Record set —
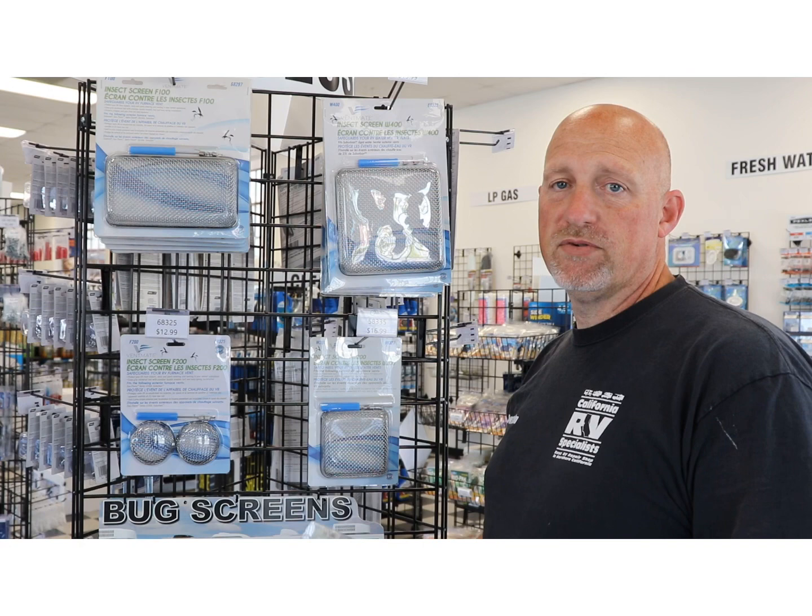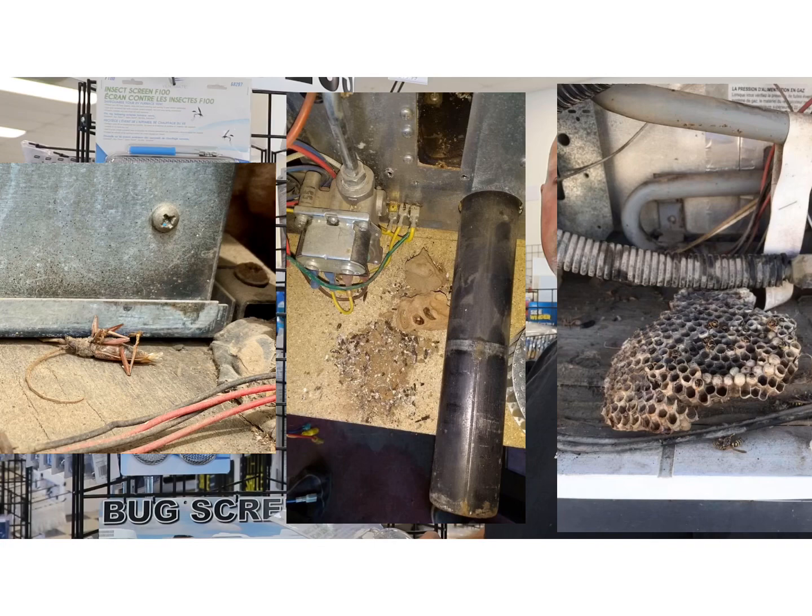Over the 23 years that I've been doing this, we've had wasp nests, mud dauber nests, baby bats, baby sparrows, mice, rats, moths, and other little critters get inside those units and cause damage.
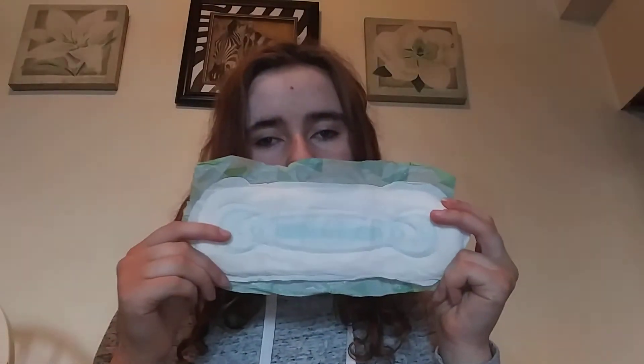Then I have two Always Maxi pads with no wings. This is what they look like — I have two of those.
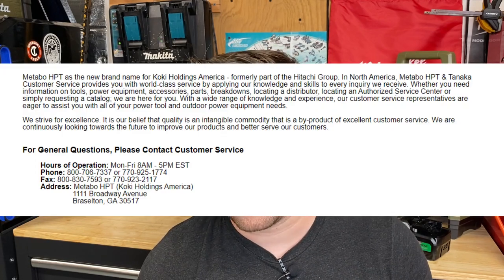If you go to Metabo HPT's website, they only have that Georgia address listed for sending tools to. If you are going to do that, make sure you include your name, address, phone number, email, and of course a proof of purchase like a receipt. So today I am now a couple of calls in and a couple of emails in. I still have not gotten an exact response to my warranty — it's not approved or denied or anything yet. This is now basically five days — a whole work week — of trying to get one battery RMA'd.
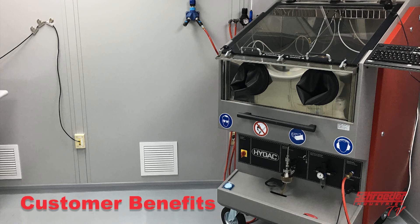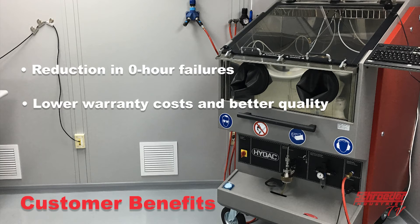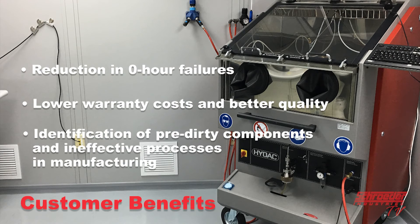Some customer benefits for the CTU are as follows: reduction in zero-hour failures, lower warranty costs and better quality, and identification of pre-dirty components and ineffective processes in manufacturing which add contamination — for example, dirty storage bins.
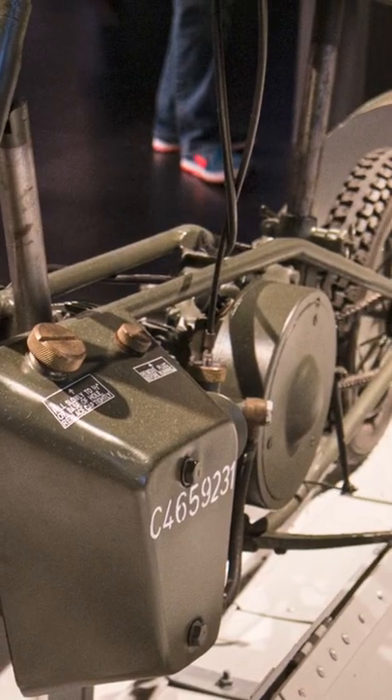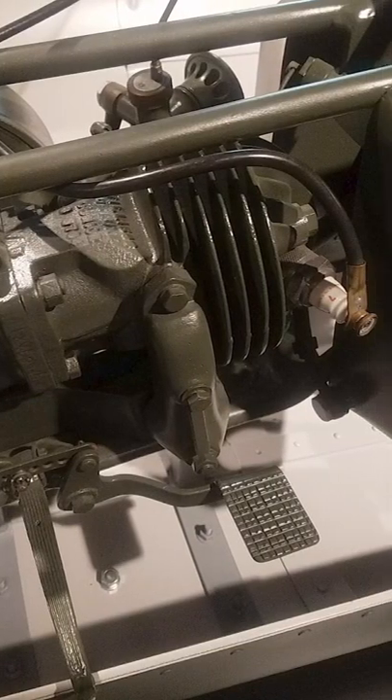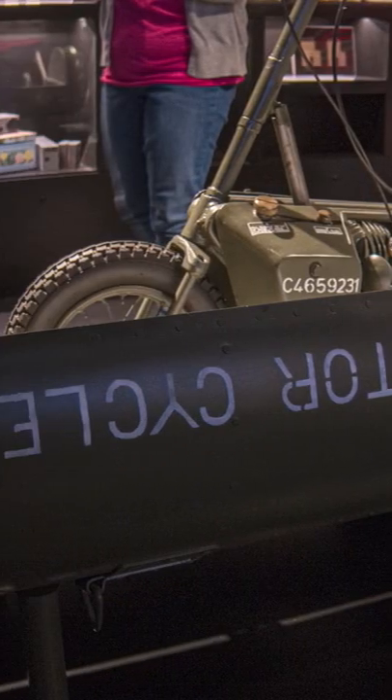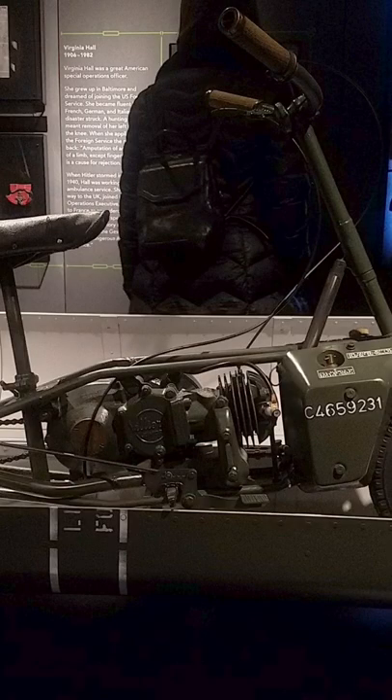It was used at the Normandy Beach Landing, but the 98cc two-stroke motor was weak and the wheels were small, so many paratroopers abandoned them and just walked. About 3,600 Welbikes were made.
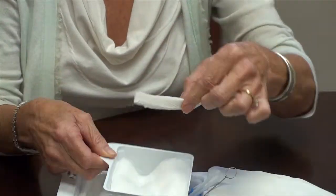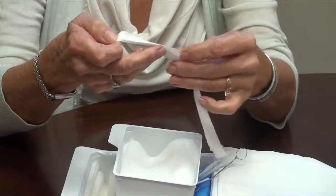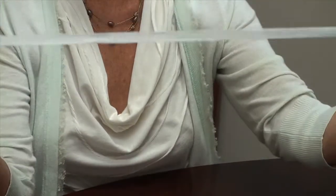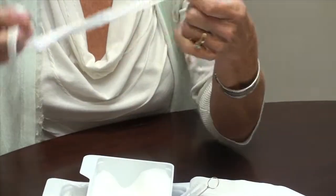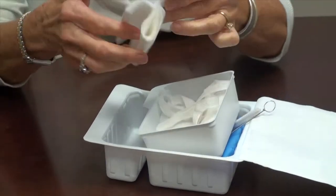You also have a new set of trach ties. It will open up into one long piece, and the DVD will show you how you want to apply it and how to attach it to both sides.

Aim of the task —
Find the line that contains "It was used", then write out that line and each one after it, exactly and with nothing else, through the end of the entries above, without the pictures.

Output of the task —
It was used at the Normandy Beach Landing, but the 98cc two-stroke motor was weak and the wheels were small, so many paratroopers abandoned them and just walked. About 3,600 Welbikes were made.
You also have a new set of trach ties. It will open up into one long piece, and the DVD will show you how you want to apply it and how to attach it to both sides.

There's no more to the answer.